• Captioned web image data:

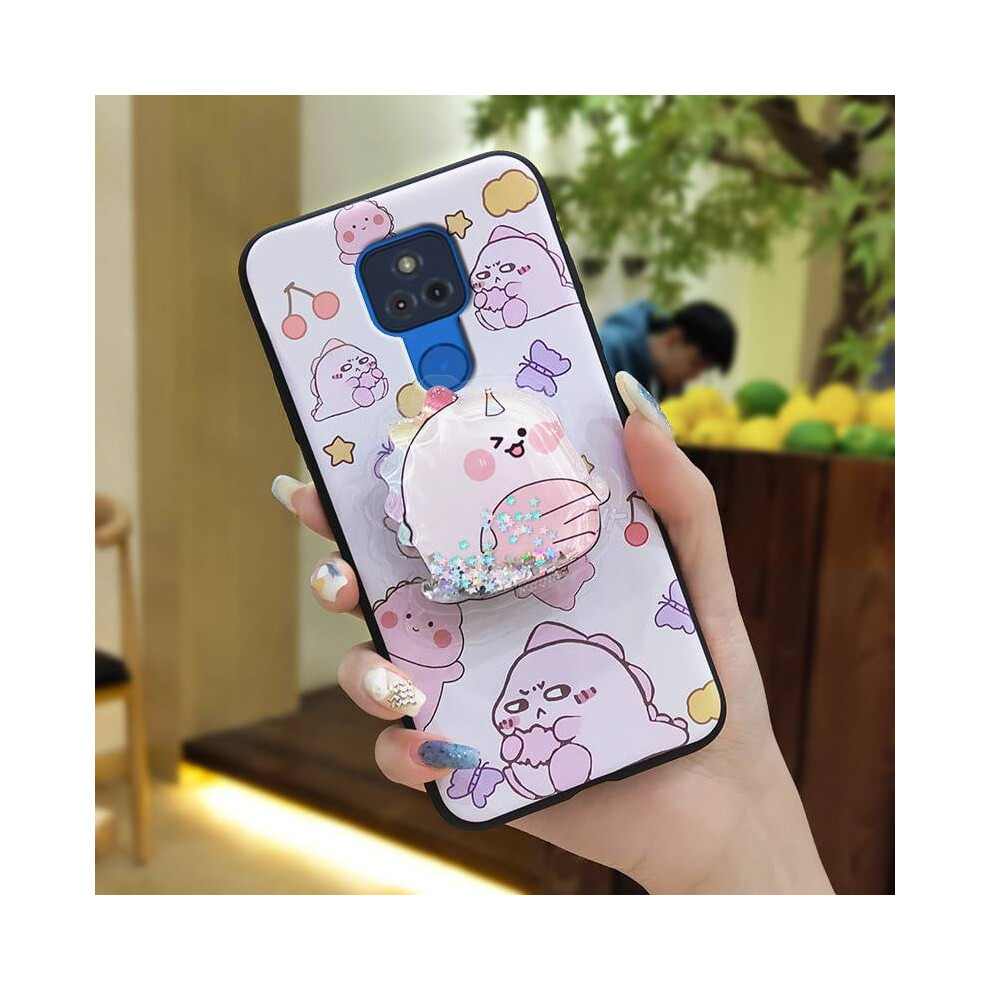Moto G Play 2021 Phone Case Â Quicksand Tpu Cartoon Cover With Rotatable Kickstand, Anti-Knock, Waterproof, Glitter & Fashion Design 9027700142091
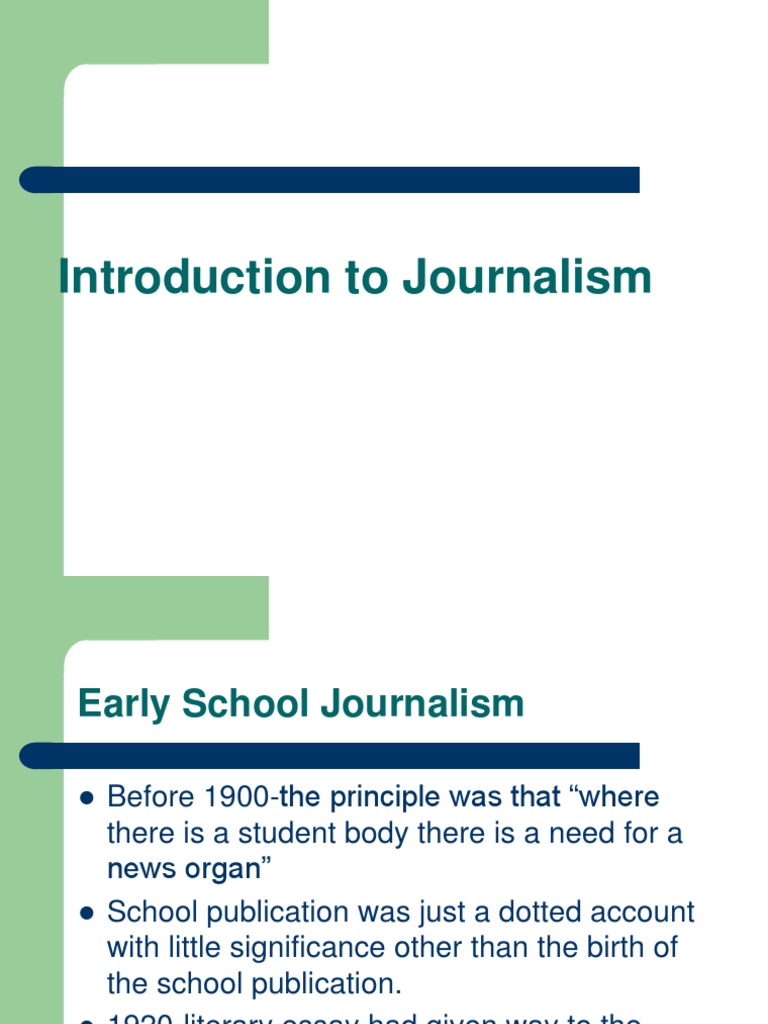 introduction_to_journalism.ppt Journalism News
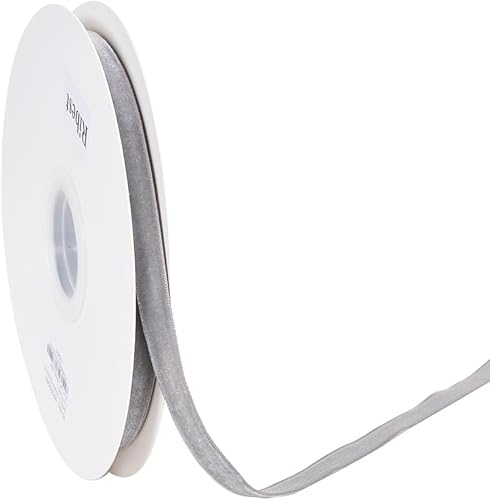 Miniatura 226 de Ribest Cinta de terciopelo verde musgo de 1 1/2 pulgadas, 10 yardas, cinta de Navidad para envolver regalos, corona, árbol de Navidad, decoración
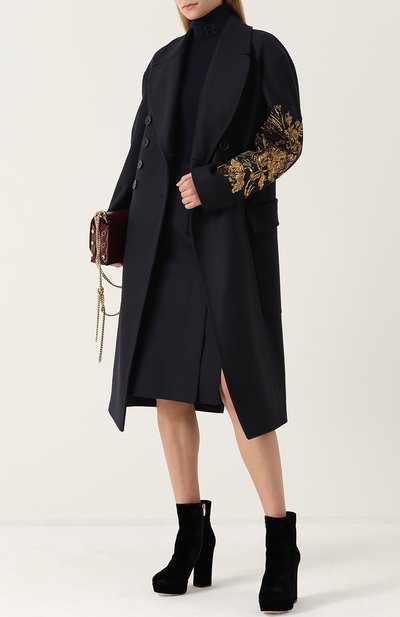 Кашемировый топ фактурной вязки с высоким воротником ROCHAS, арт. R0PL751767/RLY1000, фото 2
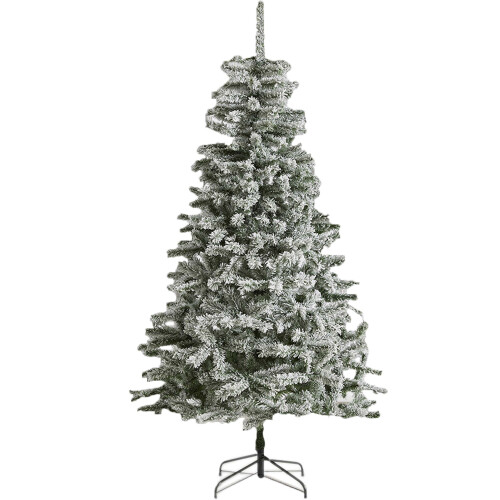 AAMEN 7ft Artificial Snowy Christmas Tree, Christmas Decorations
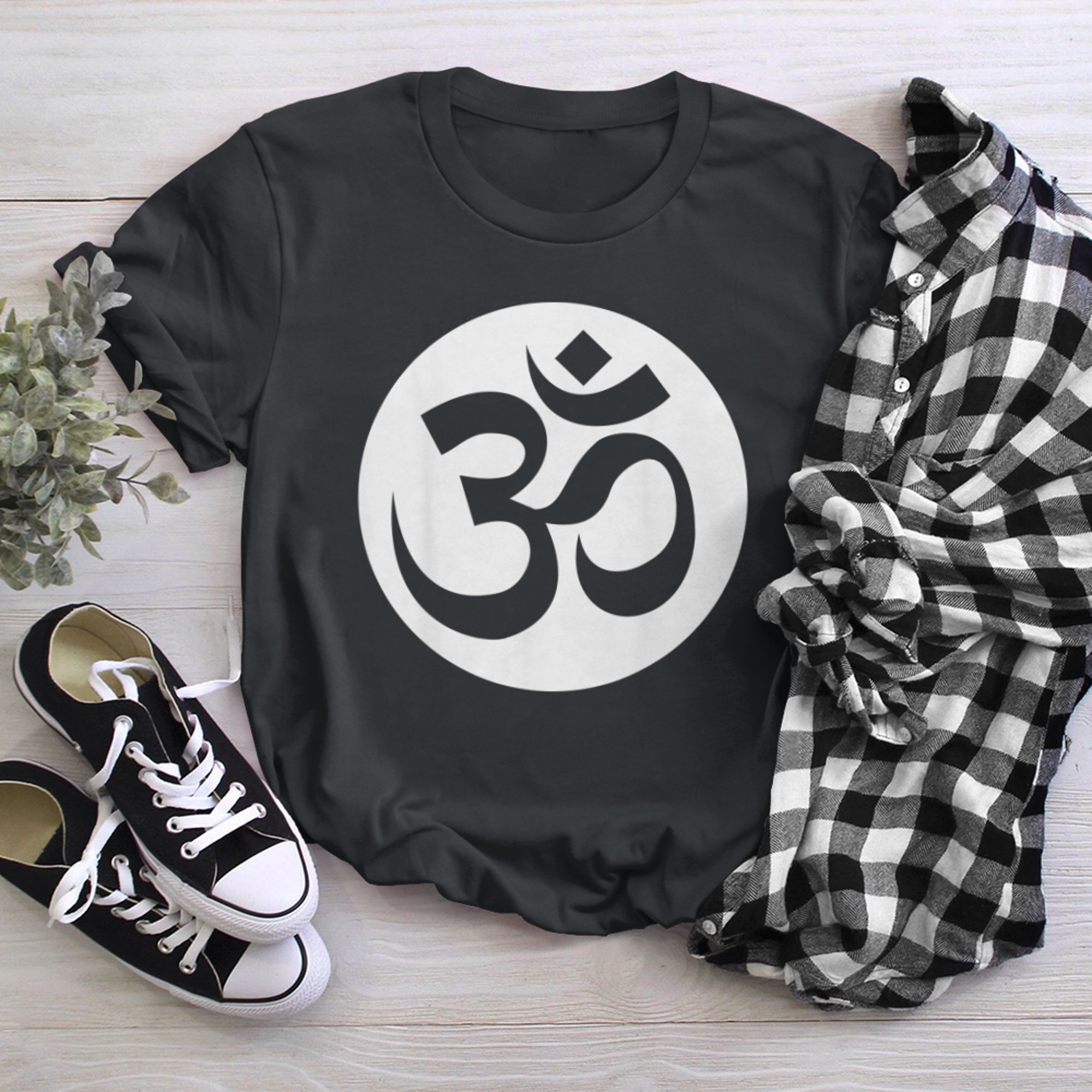 Om Ohm Aum Symbol Spiritual Yoga (19) t-shirt black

• Instructions for the task:
Pictures are to be left out, while the records are copied word for word.

• Solution below:
Moto G Play 2021 Phone Case Â Quicksand Tpu Cartoon Cover With Rotatable Kickstand, Anti-Knock, Waterproof, Glitter & Fashion Design 9027700142091
 introduction_to_journalism.ppt Journalism News
 Miniatura 226 de Ribest Cinta de terciopelo verde musgo de 1 1/2 pulgadas, 10 yardas, cinta de Navidad para envolver regalos, corona, árbol de Navidad, decoración
 Кашемировый топ фактурной вязки с высоким воротником ROCHAS, арт. R0PL751767/RLY1000, фото 2
 AAMEN 7ft Artificial Snowy Christmas Tree, Christmas Decorations
 Om Ohm Aum Symbol Spiritual Yoga (19) t-shirt black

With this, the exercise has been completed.